I always feel attractive. Literally, always. Sky high self confidence ftw.
But seriously, since I believe a lot of what is attractive or unattractive comes from within, and I can't remember the last time I felt badly about myself, I feel attractive all the time.
It also helps that in my daily life, I have a lot of male dominated hobbies and so I get hit on a lot, lol. But even with that said, I really do think attractive-ness comes largely from confidence, and I spend my days feeling confident that I'm awesome and any guy would be lucky to have me/spend time with me/etc.
I also don't base my sense of how I look on what other people think of me, so that definitely helps. If I feel good I feel attractive, so yea, I feel attractive all the time.
Of course, I have my days, where I just think I look like sh*t or don't really care what I look like and hope nobody sees me. Then there are other days, where I just look in the mirror and am like "damn I'm f***ing sexy", and all I want to do is go out and get as many girls to see me as possible lol.
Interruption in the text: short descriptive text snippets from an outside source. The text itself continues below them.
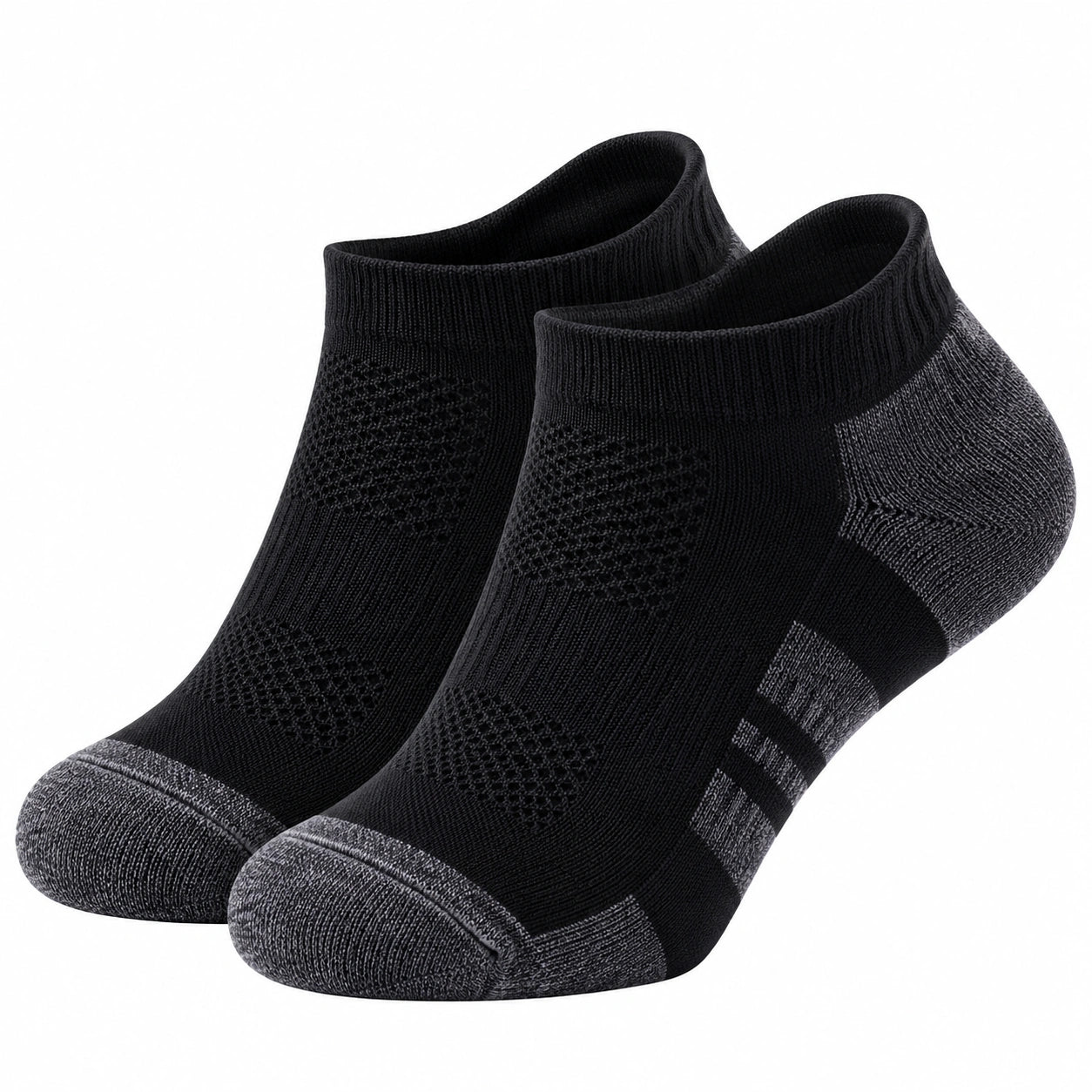 Atmungsaktive Kurzsocken Schwarz/Grau für Sport und Alltag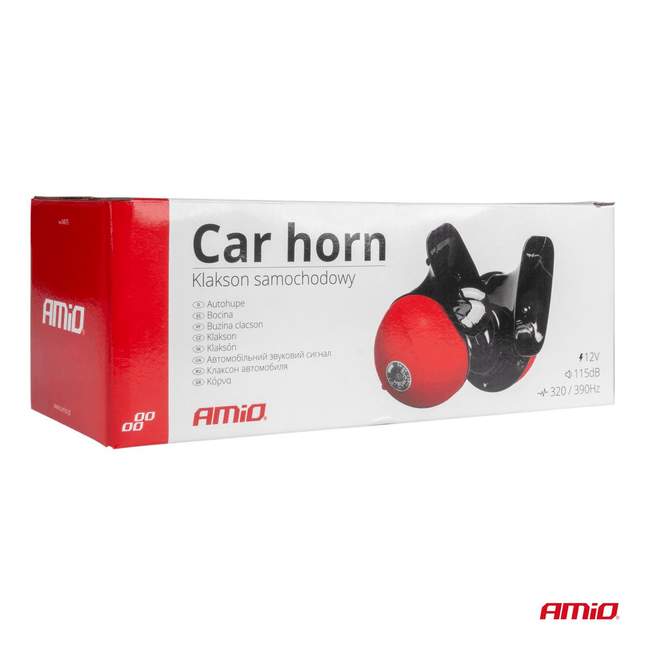 AMiO Premium Hoorn Harde Toeter/Claxon voor Auto 125mm 12v Rood-Zwart (set) - VCTparts.nl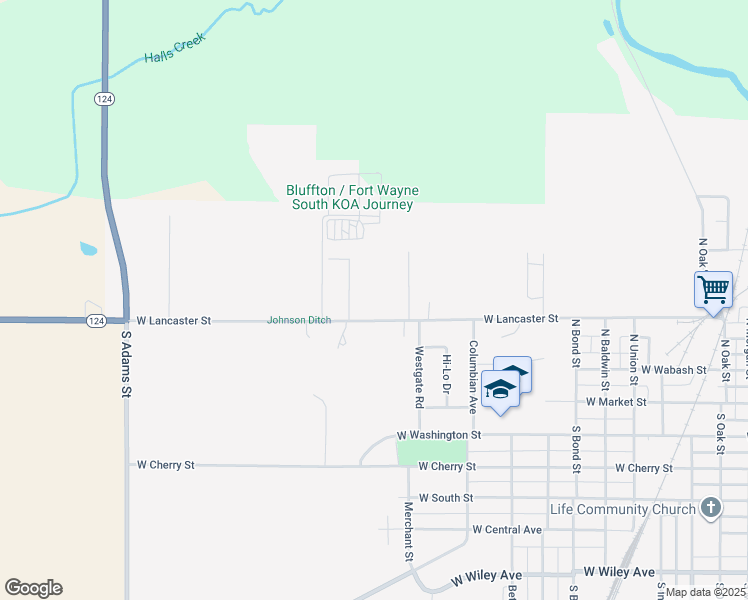 map of restaurants, bars, coffee shops, grocery stores, and more near 1527 W Lancaster St in Bluffton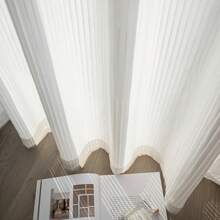 1pc White Vertical Stripe Sheer Curtain, Nordic Minimalist Solid Style, Rod Pocket Design, Easy To Hang, Washable, Premium Voile Fabric, Soft & Breathable, Filtering Light, Modern Home Window Privacy Decor, Suitable For Bedroom, Living Room, Bathroom, Dining Room, Closet, Office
Even the most gorgeous people on earth have those days. Sometimes it has to do with your sense of self-worth, your ego, your satisfaction with work/school, etc. When we don't feel good inside, we suddenly believe we're unattractive on the outside.
As long as I look rugged I'm happy with the way I look, and that is most times. I have a shaved head, muscles, veins coming out of my arms, I have a natural tan and my face always has hair on it (even right after I shave I have a shadow), and that's the way I like it. I don't want to be a pretty boy, and I would take it as an insult if people told me I was pretty or cute.
eh lol tbh I never even think about it, I'm much to enveloped in my sciences and sports life to really care... but I guess when I do is more or less when I'm complemented by some girls so naturally I feel good about it for the most part XP
Nope. When I go out I get treated like a piece of meat. When I stay in, girls text me, and chat with me... I suppose I don't feel so hot when I'm sick with my nose leaking like a facet, but even that gets that motherly instinct of certain girls put into play.
Yeah I can relate to that, I most feel unattractive when I wear unflattering clothes. Or on a terribad hair day or when my skin breaks out. It's just a part of life, I shouldn't expect to feel good all the time.